• Exercise brief
Find the line with "seamless pattern of" and the line with "Neutral black young-adult" in the entries below; output exactly those two lines, every line between them, and no others.

• Source information
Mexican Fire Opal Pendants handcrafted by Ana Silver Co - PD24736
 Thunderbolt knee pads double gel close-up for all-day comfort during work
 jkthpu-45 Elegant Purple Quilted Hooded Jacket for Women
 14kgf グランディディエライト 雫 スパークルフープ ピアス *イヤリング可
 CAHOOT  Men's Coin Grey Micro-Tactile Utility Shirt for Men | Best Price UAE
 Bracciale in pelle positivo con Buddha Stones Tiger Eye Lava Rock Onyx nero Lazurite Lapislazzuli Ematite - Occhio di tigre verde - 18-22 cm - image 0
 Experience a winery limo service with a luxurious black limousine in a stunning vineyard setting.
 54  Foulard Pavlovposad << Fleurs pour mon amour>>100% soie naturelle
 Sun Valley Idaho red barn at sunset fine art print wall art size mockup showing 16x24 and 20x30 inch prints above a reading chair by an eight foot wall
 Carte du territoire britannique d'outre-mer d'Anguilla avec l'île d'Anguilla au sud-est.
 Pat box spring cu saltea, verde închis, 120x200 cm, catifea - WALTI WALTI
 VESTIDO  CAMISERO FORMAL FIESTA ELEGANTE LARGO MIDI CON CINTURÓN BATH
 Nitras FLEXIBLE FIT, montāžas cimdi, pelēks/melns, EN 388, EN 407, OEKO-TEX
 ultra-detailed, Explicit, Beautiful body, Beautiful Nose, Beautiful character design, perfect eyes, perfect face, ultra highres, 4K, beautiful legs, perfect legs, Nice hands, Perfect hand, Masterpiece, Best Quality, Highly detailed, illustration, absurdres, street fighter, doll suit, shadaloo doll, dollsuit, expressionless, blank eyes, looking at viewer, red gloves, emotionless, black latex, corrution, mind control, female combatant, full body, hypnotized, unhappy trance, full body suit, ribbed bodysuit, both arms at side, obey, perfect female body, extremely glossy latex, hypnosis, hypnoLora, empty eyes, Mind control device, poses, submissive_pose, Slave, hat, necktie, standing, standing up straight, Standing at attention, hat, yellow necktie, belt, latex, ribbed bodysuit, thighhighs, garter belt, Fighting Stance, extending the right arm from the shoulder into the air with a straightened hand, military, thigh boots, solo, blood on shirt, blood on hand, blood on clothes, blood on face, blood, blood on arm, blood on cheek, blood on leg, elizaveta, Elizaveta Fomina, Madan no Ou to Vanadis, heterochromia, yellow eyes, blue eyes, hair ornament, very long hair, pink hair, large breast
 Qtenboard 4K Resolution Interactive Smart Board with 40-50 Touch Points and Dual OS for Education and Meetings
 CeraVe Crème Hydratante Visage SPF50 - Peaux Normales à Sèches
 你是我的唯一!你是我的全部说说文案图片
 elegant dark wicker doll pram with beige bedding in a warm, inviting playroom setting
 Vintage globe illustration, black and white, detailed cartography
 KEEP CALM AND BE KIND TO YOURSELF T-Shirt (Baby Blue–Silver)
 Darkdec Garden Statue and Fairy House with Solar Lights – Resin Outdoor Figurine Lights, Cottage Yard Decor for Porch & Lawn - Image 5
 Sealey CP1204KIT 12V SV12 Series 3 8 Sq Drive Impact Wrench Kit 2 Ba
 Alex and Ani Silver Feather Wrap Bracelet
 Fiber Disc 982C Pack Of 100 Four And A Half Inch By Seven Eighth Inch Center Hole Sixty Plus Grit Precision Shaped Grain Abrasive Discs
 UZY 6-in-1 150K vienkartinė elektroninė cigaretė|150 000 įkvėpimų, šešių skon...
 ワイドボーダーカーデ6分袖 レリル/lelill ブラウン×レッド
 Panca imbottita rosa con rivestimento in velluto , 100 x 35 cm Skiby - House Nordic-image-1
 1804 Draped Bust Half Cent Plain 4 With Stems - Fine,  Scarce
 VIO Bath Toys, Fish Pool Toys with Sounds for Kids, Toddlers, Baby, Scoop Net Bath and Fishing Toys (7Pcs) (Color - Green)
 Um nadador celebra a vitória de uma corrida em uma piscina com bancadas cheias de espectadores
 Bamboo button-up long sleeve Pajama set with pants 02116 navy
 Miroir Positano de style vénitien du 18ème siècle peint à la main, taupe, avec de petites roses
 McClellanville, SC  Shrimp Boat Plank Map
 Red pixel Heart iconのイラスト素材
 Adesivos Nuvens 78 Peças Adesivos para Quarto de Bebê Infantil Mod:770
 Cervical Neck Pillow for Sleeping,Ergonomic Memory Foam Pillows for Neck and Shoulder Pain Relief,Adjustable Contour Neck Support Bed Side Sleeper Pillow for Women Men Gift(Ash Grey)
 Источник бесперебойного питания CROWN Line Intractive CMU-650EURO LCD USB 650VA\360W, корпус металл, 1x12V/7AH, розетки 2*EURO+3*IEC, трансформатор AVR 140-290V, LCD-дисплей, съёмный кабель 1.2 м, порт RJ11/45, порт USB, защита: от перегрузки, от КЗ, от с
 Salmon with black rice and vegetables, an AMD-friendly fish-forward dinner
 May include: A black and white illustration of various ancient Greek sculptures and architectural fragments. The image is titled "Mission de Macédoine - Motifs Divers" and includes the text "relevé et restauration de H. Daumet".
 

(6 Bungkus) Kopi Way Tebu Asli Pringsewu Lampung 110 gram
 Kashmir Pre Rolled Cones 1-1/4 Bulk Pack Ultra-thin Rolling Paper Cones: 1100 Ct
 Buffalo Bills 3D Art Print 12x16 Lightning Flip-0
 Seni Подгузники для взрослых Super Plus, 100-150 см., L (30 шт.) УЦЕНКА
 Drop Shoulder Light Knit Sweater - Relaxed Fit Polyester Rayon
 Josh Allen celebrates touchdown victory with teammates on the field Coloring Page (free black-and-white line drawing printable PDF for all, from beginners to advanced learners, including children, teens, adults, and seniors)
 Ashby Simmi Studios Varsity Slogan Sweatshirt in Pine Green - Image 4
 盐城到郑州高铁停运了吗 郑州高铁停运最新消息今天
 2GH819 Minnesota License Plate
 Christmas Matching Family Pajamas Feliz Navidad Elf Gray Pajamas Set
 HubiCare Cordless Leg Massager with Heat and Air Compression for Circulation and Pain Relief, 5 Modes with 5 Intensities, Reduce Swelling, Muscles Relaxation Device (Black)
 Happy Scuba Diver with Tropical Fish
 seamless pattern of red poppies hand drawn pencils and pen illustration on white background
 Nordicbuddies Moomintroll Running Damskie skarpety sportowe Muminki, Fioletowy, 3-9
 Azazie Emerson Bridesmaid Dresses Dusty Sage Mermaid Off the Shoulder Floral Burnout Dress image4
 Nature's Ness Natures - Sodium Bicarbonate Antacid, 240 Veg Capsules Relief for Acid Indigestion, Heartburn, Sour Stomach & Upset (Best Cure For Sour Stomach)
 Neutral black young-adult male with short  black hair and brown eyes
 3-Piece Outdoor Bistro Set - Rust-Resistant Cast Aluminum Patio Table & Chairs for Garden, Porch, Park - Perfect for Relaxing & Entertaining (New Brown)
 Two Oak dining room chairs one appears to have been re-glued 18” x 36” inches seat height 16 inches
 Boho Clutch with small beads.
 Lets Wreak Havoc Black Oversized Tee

• Finished exercise
 seamless pattern of red poppies hand drawn pencils and pen illustration on white background
 Nordicbuddies Moomintroll Running Damskie skarpety sportowe Muminki, Fioletowy, 3-9
 Azazie Emerson Bridesmaid Dresses Dusty Sage Mermaid Off the Shoulder Floral Burnout Dress image4
 Nature's Ness Natures - Sodium Bicarbonate Antacid, 240 Veg Capsules Relief for Acid Indigestion, Heartburn, Sour Stomach & Upset (Best Cure For Sour Stomach)
 Neutral black young-adult male with short  black hair and brown eyes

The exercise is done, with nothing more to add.